- Assigned task:
Exactly the lines from the one holding "theskincospa's tweet image." through the end of the material below must be printed, nothing more, and the pictures must be dropped.

============================================================

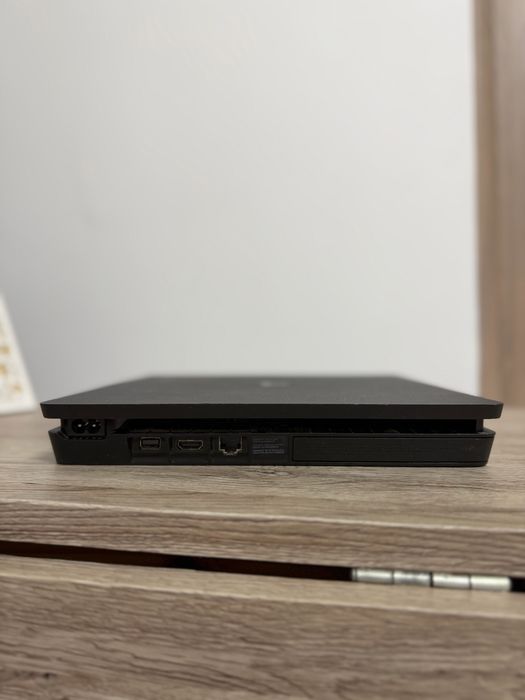 Playstation 4 slim 500gb+ 2 controllere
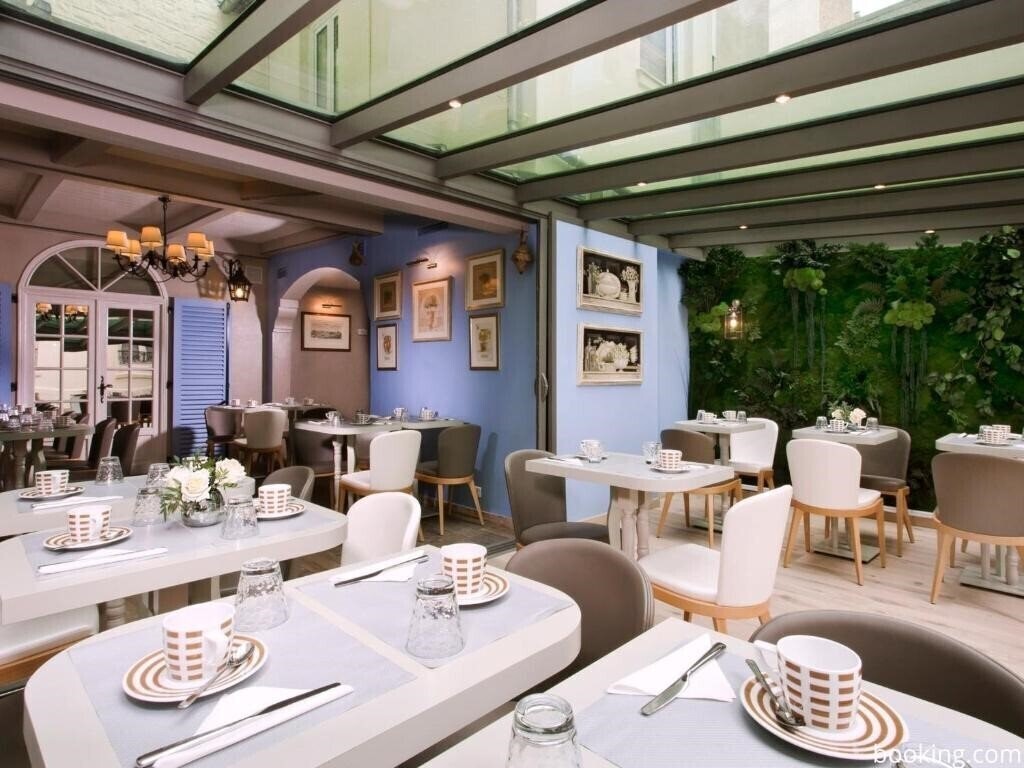 Апартаменты Hotel Daumesnil Vincennes 3*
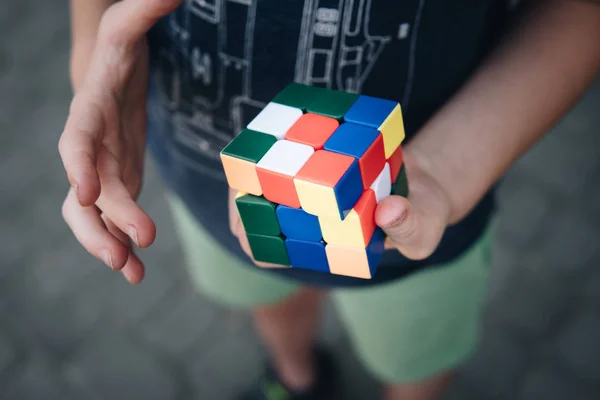 Close Hands Trying Solve Color Cube — Stock Photo, Image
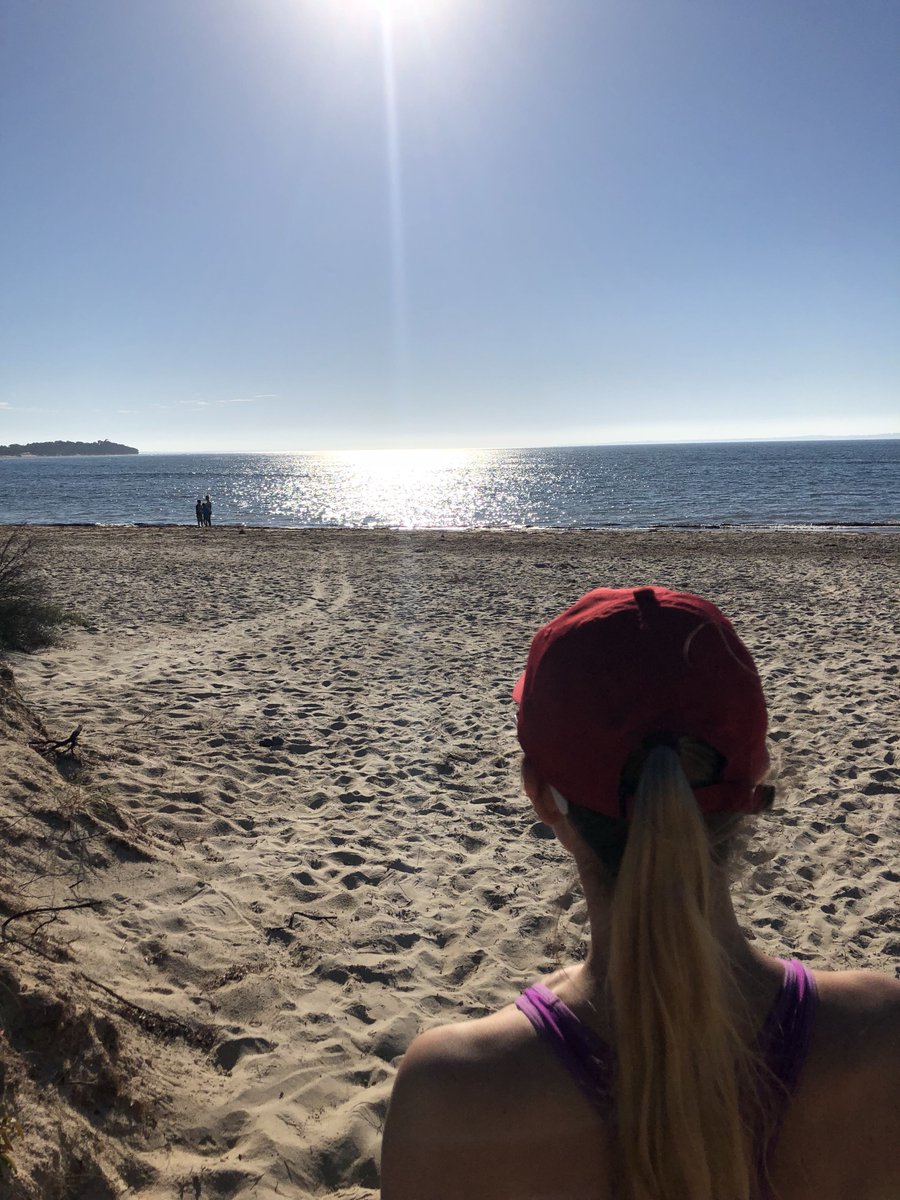 theskincospa's tweet image. Morning walk 2 days ago in Australia. What an amazing way to start the day. Heal your body and mind (and your back :). Keep on walking! #walking #healthyliving #backpainsolution #australialiving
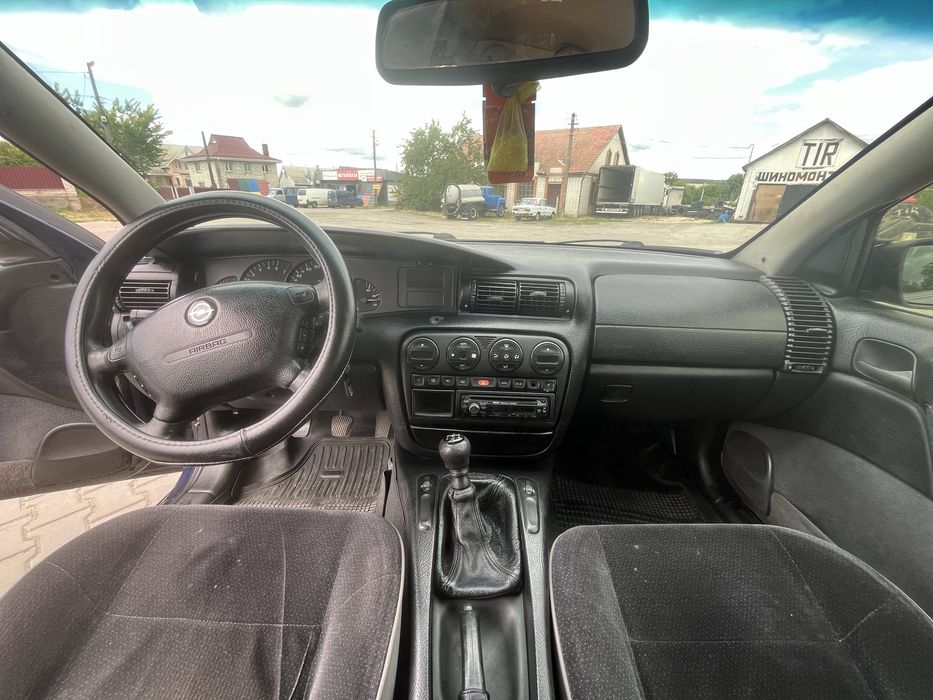 Opel Omega 2.0 16v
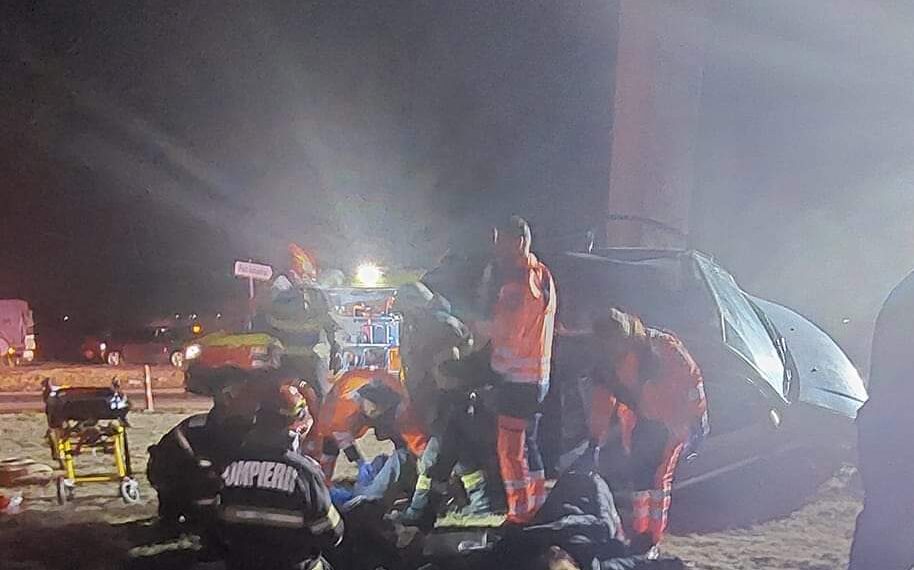 Fetiță de 8 ani și alte trei persoane, rănite într-un accident rutier în Calea Șagului/Video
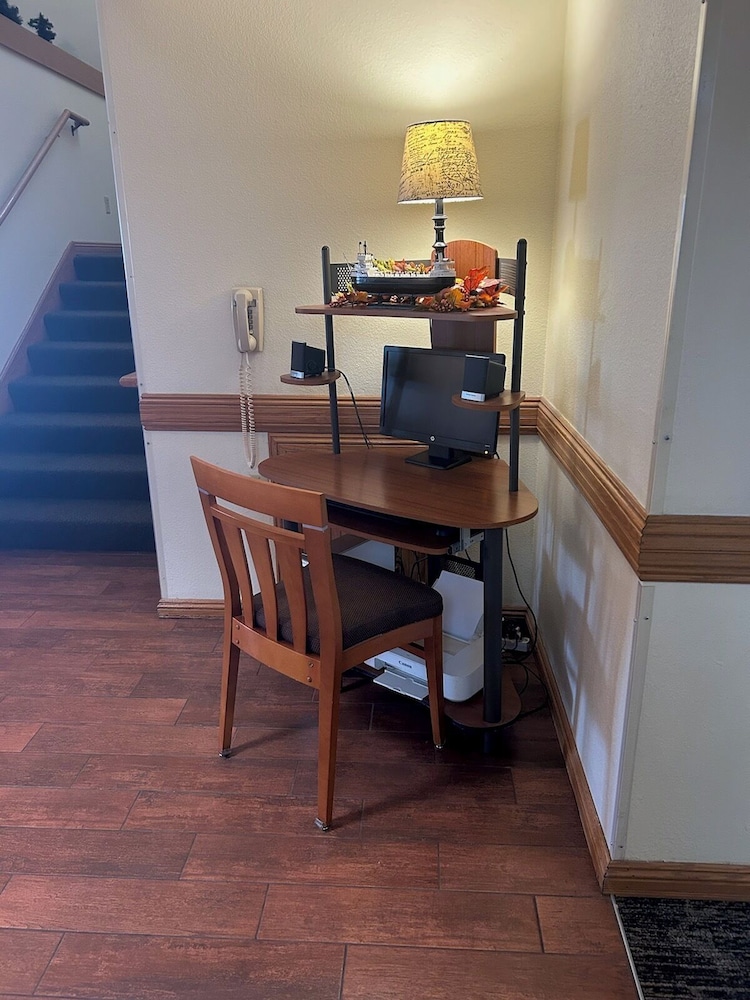 Country Inn of Two Harbors - photo 33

============================================================

- Answer below:
 theskincospa's tweet image. Morning walk 2 days ago in Australia. What an amazing way to start the day. Heal your body and mind (and your back :). Keep on walking! #walking #healthyliving #backpainsolution #australialiving
 Opel Omega 2.0 16v
 Fetiță de 8 ani și alte trei persoane, rănite într-un accident rutier în Calea Șagului/Video
 Country Inn of Two Harbors - photo 33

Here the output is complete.